Ebu Osman-ı Hayri hazretleri “rahmetullahi aleyh”, devrinin bir tekiydi.
Tek gayesi, insanları ateşten kurtarmaktı.
Henüz çok genç idi ki, hocası Ebu Hafs hazretlerine gidip, talebe olmak istediğini arzetti.
Ebu Hafs hazretleri;
- Evladım, henüz çok gençsin, buyurdu Talebe olmayı istiyorsun ama kabul edemem.
Bu cevabı alınca, çok üzüldü.
Ona saygısından arka arka çıktı huzurundan.
Ancak geri dönüp gitmeyi hiç istemiyordu.
Kendi kendine;
“Şurada, kapının eşiğine bir çukur kazayım. İçine gizleneyim. Tâ beni çağırıncaya kadar burada bekleyeyim” diye düşündü.
Onun bu düşüncesi malum oldu Ebu Hafs hazretlerine.

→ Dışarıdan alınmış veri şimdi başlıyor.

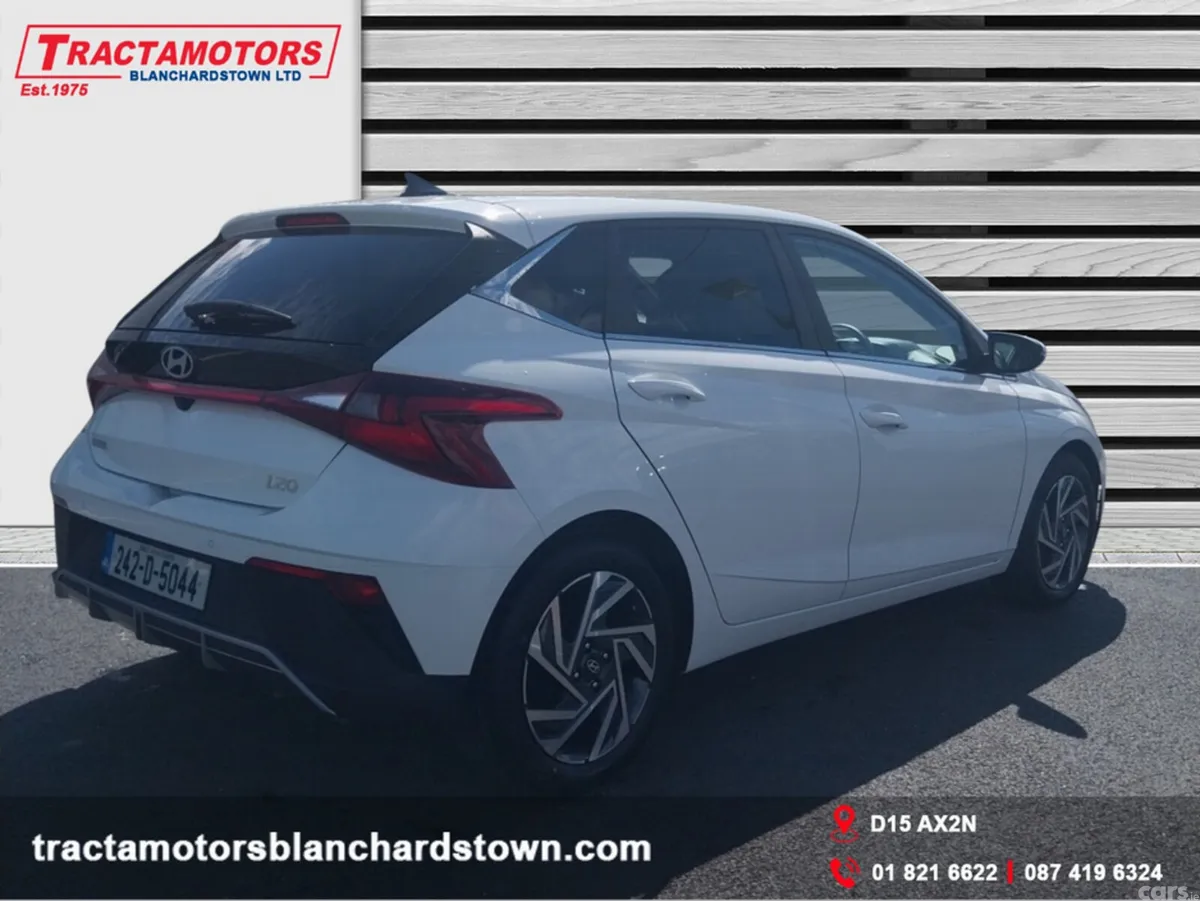 Hyundai i20 Hatchback, Petrol, 2024, White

Çağırıp, o gün kabul etti talebeliğe.
O kapıda buldu saadetini.
Azarlayacak sandı
O devirde bir genç, sarhoş vaziyette ve elinde sazıyla, sallanarak yürüyordu sokakta.
Birden bu büyük Veli ile karşılaştı.
Onu tanıyor ve büyüklüğünü biliyordu.
Çok mahcup oldu.
Zira hem sarhoştu, hem de elindeki sazla yakalanmıştı.
Utandı, sıkıldı, ne yapacağını bilemedi.
Sazını eteğinin altına gizlemeye çalıştı.
Bu haliyle kendisini azarlayacak sandı.
Lakin o, merhametle baktı gence.
Hatta içinden dua etti ve;
- Çekinme evladım, buyurdu. Zira benim günahım, seninkinden fazladır. Ama Rabbimizin merhameti sonsuzdur. Halis tövbe edersek, günahımız affolur.
Genç bu olgun davranışı gördü Ondan.
Sazını kırıp, el çekti her günahtan.